Wenn ein Schöpfer - Wesen ein reales Ding ist, dann ist es auch an Hand seiner Auswirkungen, wie z. B. die Erbauer der Pyramiden auch, prinzipiell erforschbar und in die Theorienbildung einzubeziehen. Wenn ein Schöpfer-Wesen nicht existiert, dann ist es mangels Wechselwirkungen mit unserer Welt auch prinzipiell nicht erforschbar. Warum ein Schöpfer / Konstrukteur als Ursache für Makromoleküle, Motoren, Datenverarbeitungsanlagen, Sonarsysteme etc. weder plausibel noch naturalistisch sein soll, ist mir mehr als schleierhaft.

"ID kann weder überprüft noch widerlegt werden". Testkriterien für ID findet man u. a. auf der bekämpften Homepage von Dr. Lönnig unter http://www.mpiz-koeln.mpg.de/~loennig/IntelligentDesign.html . Andererseits habe ich bei ET - Argumentationen oft Begründungen gefunden, die sich auf Fakten berufen, die man erst in der Zukunft finden wird, die man z. Z. also noch nicht hat. Hier liegt eine von der wissenschaftlichen Methodik abweichende Vorgehensweise vor. Typischer Weise argumentiert man mit Fakten, die man hat, nicht mit denen, die man nicht hat.

Prof. Dr. Kutschera schriebt: "Die "ID - Theorie" erklärt alles - und somit nichts." Die ID - Theorie erklrt viele Wozu - Fragen nicht, diese müssen im Rahmen dieser Theorie noch erforscht werden. Z. B., wozu haben wir ein Bewusstsein.

Prof. Dr. Kutschera schreibt: "Da derartige Dogmen, wie z. B. auch der Leitsatz der Homöopathie (geistartige Wirkung ohne Wirkstoff), nicht überprüfbar sind, ..." Man kann prinzipiell durch Doppelt - Blindversuche die Wirksamkeit homöopathischer Arznei testen - wie man es bei anderen Medikamenten auch macht - und so entscheiden, ob eine Wirkung vorliegt.

Zu der Argumentation von Prof. Dr. Dr. Breidbach fällt auf, dass nicht aus dem Film zitiert wird, geschweige eine Aussage, die im Film gemacht wird, an Hand biologischer Befunde widerlegt wird. Statt dessen werden allerlei Vorwürfe gegen den Film und seinen Autor, Herrn Poppenberg, erhoben und durch das Nachsagen von unredlichen Praktiken und Nennung der Scientology - Sekte soll anscheinend Angst geschürt werden.

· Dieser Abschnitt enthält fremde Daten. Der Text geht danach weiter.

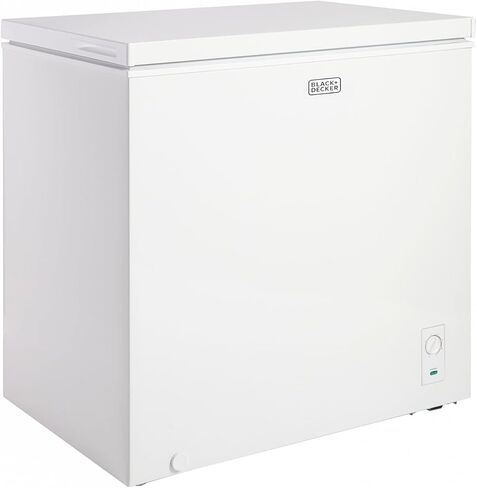 BLACK+DECKER 7.0 Cu. Ft. Chest Freezer, Holds up to 245 Lbs. of Frozen Food with Organizer Basket, BCFK706 in Kuwait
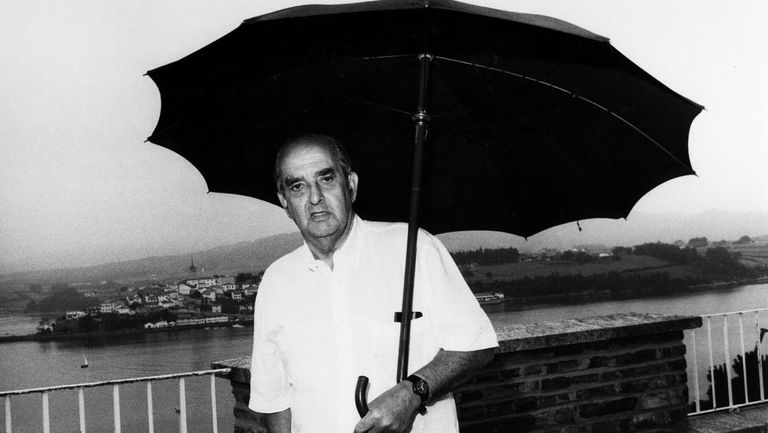 Fernando Morán en Ribadeo en 1992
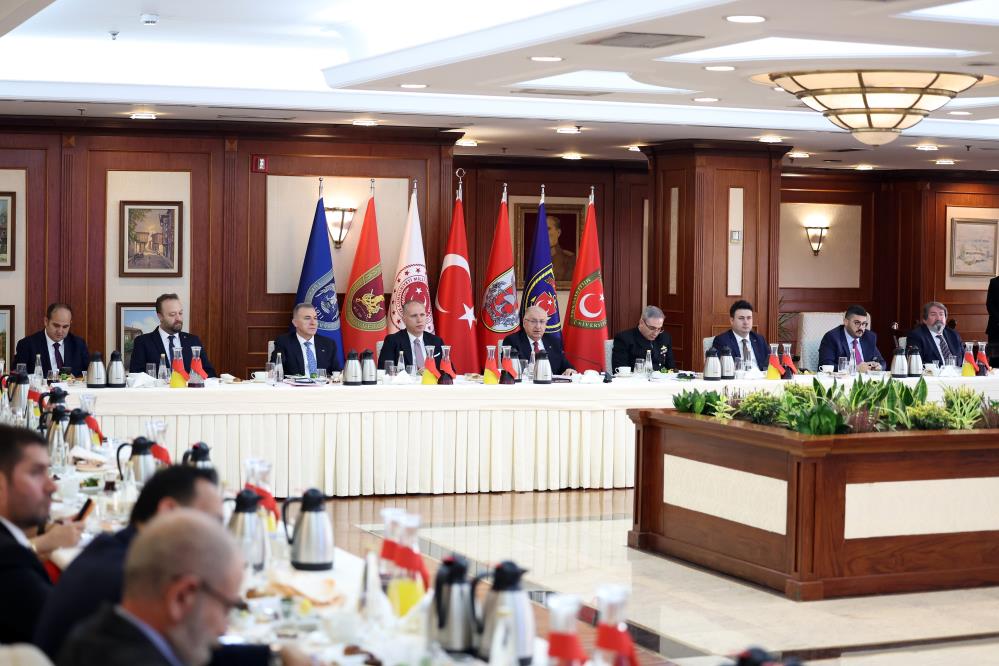 milli-savunma-bakani-yasar-guler-yil-sonu-degerlendirme-toplantisi-cercevesinde-ankarada-basin-mensuplariyla-bir-araya-geldi.jpg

In der Aussage "Keiner der beteiligten Wissenschaftler des Ernst - Haeckel - Hauses oder anderer Wissenschaftshistoriker stehen auch nur im Ansatz hinter der Grundaussage des Filmes" sehe ich als Physiker hier durchaus Parallelen zu dem Buch "100 Autoren gegen Einstein", wo man versuchte, mehr durch das Gewicht der Autorität als durch Sachargumente die Relativitätstheorie zu entkräften. Einstein sagte darauf: "Wenn ich Unrecht hätte, wäre einer genug.". Solange solide Sachargumente ausbleiben, erhebt sich zwangsläufig die Frage, welche Seite unseriös argumentiert.